El presidente de Francia, Emmanuel Macron, ha denunciado este jueves la creciente "agresividad neocolonial" en las relaciones diplomáticas internacionales durante su discurso anual ante los embajadores franceses en el Palacio del Elíseo, en clara referencia a Estados Unidos tras la captura del presidente venezolano Nicolás Maduro y las amenazas de anexión de Groenlandia por parte del gobierno de Donald Trump.
El mandatario francés ha advertido que Washington "se está alejando progresivamente de algunos aliados y se desentiende de las reglas internacionales", según informó el diario El País. Sus declaraciones llegan menos de una semana después de que Estados Unidos atacara Caracas y capturara al presidente venezolano, Nicolás Maduro, y su esposa, y en medio de la insistencia del gobierno de Trump sobre una posible anexión de Groenlandia, territorio bajo soberanía danesa.
"Evolucionamos en un mundo de grandes potencias, con una verdadera tentación de repartirse el mundo", afirmó Macron, quien describió la situación actual como "un momento muy difícil" donde "se impone la ley del más fuerte". Sin embargo, añadió con optimismo que "en el fondo hay que decir que somos más fuertes de lo que el mundo cree", según recogió La Vanguardia.
El presidente francés, que ha mantenido históricamente una relación tirante con Trump, lleva meses defendiendo un progresivo proceso de autonomía de la Unión Europea respecto a Estados Unidos.
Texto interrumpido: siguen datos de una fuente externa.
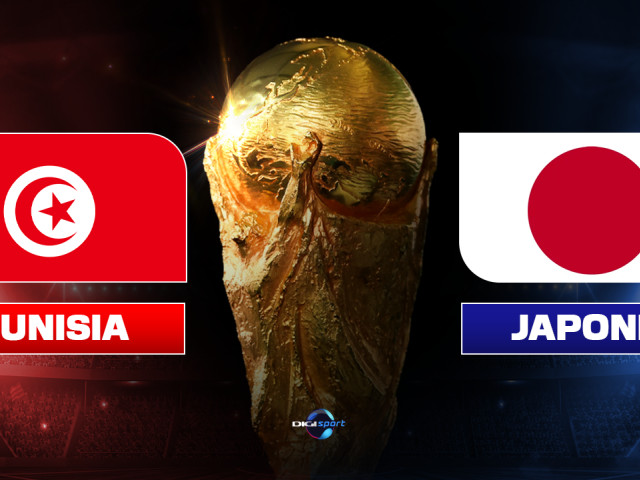 Istvan Kovacs arbitrează meciul cu numărul 1.000 din istoria Cupei Mondiale: Tunisia - Japonia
En su discurso, Macron instó a Europa a no aceptar ni su "vasallaje" ni a resignarse a convertirse en "una potencia moral impotente", según informó La Vanguardia. "Hay que defender la influencia europea con multilateralismo sin convertirse en una potencia impotente", subrayó.
Macron también señaló que "las instancias del multilateralismo funcionan cada vez peor" y que "la ley del más fuerte intenta imponerse y las reglas de ayer están cada vez más debilitadas". Además, identificó a Rusia e Irán como "potencias de desestabilización" y mencionó "las injerencias informativas" como parte de los desafíos actuales, según recogió El País.
Sobre la situación en Ucrania, el presidente francés se refirió a la paz en el territorio como "el primero de los intereses" y destacó que con la reunión de Coalición de Voluntarios por Ucrania celebrada el pasado 6 de enero en París se demostró que se puede llevar a cabo "una acción útil", según informó la Cadena SER. "Hemos construido unas garantías para el día siguiente a la paz. Nadie sabe cuándo acabará la guerra. Rusia no quiere la paz, pero queremos convencerles", añadió.
Macron aprovechará la presidencia francesa del G-7 este año para intentar relanzar la gobernanza mundial frente a la fragmentación internacional. A su juicio, si no se avanza en esa línea, la consecuencia será una mayor "fragmentación" e incluso la "brutalización" del mundo, con consecuencias desastrosas, según La Vanguardia.
El mandatario francés también abordó la necesidad de acelerar el rearme europeo y de regular mejor la "preferencia europea" en el ámbito de los contratos, así como fortalecer las normativas del sector tecnológico, como la Ley de Servicios Digitales y la Ley de Mercados Digitales, pese a la oposición de Trump.
Coincidiendo con la reunión, Macron acogió con alivio la noticia de la liberación del investigador y activista francés Laurent Vinatier, encarcelado en Rusia desde junio del 2024. Vinatier fue canjeado por un preso ruso en Francia, Daniil Kasatkin, jugador de baloncesto al que EE.UU. pedía su extradicción por ser un presunto hacker, según informó La Vanguardia.
El presidente francés concluyó su discurso con un mensaje de determinación: "Queremos ser socios fuertes, hacer el máximo de lo que podamos. Pero cuando nos comprometemos, estamos ahí", según recogió El País. Macron dejó claro que Francia rechaza el "nuevo colonialismo y el nuevo imperialismo" tanto como "la vasallización y el derrotismo".